Patients with multiple congenital abnormalities and mental retardation are the most frequent patient group who are referred to a genetic clinic. Specific diagnosis for these patients will provide a better understanding of the possible reasons of pathogenesis, thereby providing more true information to families on recurrence risk, prognosis, possible treatment options and prenatal diagnosis.
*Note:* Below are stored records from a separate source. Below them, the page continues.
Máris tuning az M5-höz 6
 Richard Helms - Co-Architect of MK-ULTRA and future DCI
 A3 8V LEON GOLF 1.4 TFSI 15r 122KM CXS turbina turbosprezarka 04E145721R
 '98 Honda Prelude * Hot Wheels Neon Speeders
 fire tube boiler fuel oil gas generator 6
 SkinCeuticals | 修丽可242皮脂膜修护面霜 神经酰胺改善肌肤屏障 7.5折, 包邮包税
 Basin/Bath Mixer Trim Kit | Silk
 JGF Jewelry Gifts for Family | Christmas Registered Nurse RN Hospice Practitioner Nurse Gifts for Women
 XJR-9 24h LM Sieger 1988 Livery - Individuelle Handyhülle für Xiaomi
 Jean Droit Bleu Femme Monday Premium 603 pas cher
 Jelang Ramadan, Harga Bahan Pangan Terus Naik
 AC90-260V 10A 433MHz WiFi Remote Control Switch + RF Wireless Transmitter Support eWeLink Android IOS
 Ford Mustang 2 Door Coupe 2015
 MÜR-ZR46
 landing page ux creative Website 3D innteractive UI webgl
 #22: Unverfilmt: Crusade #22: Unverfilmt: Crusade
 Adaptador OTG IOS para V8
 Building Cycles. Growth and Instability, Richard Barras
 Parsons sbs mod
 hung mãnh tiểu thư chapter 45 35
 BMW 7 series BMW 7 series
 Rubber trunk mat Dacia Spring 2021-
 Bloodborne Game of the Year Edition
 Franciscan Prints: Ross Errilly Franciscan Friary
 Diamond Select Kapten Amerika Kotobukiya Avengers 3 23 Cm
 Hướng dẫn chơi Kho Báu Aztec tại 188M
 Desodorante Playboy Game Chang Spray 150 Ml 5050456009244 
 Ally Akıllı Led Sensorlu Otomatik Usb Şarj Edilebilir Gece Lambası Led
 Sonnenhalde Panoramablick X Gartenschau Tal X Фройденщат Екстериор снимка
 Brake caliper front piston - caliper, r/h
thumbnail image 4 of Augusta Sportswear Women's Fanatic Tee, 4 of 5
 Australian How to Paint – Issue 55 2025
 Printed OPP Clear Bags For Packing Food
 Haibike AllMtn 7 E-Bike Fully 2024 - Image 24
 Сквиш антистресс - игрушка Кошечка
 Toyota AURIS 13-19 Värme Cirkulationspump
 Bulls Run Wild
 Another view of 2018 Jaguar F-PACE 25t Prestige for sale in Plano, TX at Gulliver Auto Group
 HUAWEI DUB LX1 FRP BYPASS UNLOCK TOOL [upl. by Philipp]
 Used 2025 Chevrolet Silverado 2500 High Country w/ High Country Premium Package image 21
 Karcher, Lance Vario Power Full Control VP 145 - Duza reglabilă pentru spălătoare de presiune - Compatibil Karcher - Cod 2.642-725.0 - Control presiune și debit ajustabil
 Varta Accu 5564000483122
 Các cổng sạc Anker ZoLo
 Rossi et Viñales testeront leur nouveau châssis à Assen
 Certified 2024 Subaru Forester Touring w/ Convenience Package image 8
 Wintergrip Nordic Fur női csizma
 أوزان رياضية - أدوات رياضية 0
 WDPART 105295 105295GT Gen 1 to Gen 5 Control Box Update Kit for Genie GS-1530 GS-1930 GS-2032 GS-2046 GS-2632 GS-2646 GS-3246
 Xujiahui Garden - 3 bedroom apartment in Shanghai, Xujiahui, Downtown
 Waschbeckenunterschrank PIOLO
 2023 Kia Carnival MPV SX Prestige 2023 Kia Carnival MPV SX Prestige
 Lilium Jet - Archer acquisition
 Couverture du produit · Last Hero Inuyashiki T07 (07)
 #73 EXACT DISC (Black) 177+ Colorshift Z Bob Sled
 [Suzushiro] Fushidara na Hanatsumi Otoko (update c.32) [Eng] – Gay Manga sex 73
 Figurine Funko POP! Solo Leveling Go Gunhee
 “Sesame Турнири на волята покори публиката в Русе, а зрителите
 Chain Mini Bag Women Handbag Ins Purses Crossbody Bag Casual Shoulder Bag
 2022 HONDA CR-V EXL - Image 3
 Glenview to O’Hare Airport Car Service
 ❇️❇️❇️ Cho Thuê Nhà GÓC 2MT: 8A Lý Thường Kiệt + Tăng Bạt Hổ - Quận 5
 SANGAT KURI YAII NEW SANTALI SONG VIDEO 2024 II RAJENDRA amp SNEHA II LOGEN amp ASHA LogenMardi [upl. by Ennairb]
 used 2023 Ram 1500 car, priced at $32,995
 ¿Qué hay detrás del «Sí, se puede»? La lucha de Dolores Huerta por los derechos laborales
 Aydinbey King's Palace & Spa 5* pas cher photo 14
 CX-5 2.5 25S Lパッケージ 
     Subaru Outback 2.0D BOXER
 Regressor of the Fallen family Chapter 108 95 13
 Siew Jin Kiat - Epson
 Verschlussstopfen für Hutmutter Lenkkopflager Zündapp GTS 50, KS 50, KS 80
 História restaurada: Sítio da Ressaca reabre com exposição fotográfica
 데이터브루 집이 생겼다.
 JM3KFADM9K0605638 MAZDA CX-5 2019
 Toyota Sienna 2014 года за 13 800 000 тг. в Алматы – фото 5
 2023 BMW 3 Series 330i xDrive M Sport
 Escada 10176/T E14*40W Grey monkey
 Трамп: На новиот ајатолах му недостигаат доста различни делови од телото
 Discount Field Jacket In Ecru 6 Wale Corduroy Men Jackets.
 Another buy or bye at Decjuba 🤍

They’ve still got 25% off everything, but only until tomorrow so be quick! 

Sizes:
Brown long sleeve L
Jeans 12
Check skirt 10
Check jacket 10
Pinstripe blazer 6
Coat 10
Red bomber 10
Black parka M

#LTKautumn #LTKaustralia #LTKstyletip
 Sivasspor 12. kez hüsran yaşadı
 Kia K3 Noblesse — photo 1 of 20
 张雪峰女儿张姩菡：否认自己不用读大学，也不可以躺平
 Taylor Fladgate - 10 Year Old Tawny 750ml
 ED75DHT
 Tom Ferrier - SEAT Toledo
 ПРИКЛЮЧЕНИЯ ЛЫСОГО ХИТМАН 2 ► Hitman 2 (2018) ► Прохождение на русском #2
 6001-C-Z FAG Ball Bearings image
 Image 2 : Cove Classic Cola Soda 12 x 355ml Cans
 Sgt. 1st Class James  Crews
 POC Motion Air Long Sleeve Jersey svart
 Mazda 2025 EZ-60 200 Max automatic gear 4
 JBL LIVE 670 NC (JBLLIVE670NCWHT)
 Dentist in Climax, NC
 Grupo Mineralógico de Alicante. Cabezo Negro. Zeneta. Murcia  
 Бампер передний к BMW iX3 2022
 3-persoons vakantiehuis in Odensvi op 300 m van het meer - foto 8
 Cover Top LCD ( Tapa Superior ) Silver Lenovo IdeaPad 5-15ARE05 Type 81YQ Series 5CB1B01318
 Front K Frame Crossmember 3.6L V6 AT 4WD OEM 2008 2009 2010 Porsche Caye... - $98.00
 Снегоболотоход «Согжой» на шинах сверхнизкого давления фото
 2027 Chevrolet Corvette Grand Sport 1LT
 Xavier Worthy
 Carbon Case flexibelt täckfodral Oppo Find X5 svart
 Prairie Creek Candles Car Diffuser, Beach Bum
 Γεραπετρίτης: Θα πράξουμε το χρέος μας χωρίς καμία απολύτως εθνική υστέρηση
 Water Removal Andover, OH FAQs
With the aim of finding out the etiology of the genetic diseases, 4659 patients who were classified into mental retardation or multiple congenital anomaly and mental retardation (MR or MCA/MR) group who were referred to Istanbul University, Departments of Medical Genetics of Cerrahpasa Medical Faculty and Istanbul Medical Faculty in between 1985 and 2005 were analyzed retrospectively and a two step study was generated: first step involved the etiologic classification of MR or MCA/MR group and the second evaluation of the factors that help in finding out the etiologies such as age at first observation, number and periods of observations and completion of laboratory tests. In the first part of the study, etiologic classification of the patients with MR or MCA/MR who were referred to genetic clinics of the two medical faculty of Istanbul University were mentioned. 2847 patients have had an etiological diagnosis (61.10%): from these patients, 1541 out of them had a chromosomal abnormality (33.07%), 555 were known single gene mutations (11.91%), 20 were recognized syndromes (00.42%), 567 were sequences (12.16%), 6 were associations (00.12%), 29 had spectrums (00.62%), 98 had structural abnormality of CNS (2.10%), and finally, 31 suffered from prematurity and its complications, toxic drugs, infections and hypoxic ischemic encephalopathy. This study will be the one of the biggest studies in Turkey and also around the world, evaluating the most frequent patient group referred to genetic clinics: MCA or MR.

Keywords: Etiologic classification, mental retardation, multiple congenital abnormalities

How to cite this article:
Yuksel A, Kayserili H, Yesil G, Apak MY. Evaluation of mental retardation - Part 1: Etiologic classification of 4659 patients with mental retardation or multiple congenital abnormality and mental retardation. J Pediatr Neurosci 2007;2:45-52

How to cite this URL:
Yuksel A, Kayserili H, Yesil G, Apak MY. Evaluation of mental retardation - Part 1: Etiologic classification of 4659 patients with mental retardation or multiple congenital abnormality and mental retardation. J Pediatr Neurosci [serial online] 2007 [cited 2023 Dec 8];2:45-52. Available from: https://www.pediatricneurosciences.com/text.asp?2007/2/2/45/36762

Introduction

Patients with mental retardation, both the isolated ones and those accompanying with multiple congenital abnormalities are the most frequently encountered entities in genetic clinics. To date, there have been numerous studies regarding the etiology of mental retardation.^{[1],[2],[3],[4],[5],[6],[7],[8],[9],[10],[11],[12],[13],[14],[15],[16],[17],[18],[19],[20],[21],[22],[23],[24],[25],[26],[27],[28],[29],[30],[31]} The results revealed much variability. It was mostly due to the different classification patterns that were utilized. However, with a rapid progression in molecular genetics and cytogenetics and availability of descriptive cranial and metabolic analyses, the etiological and specific diagnosis reached its best.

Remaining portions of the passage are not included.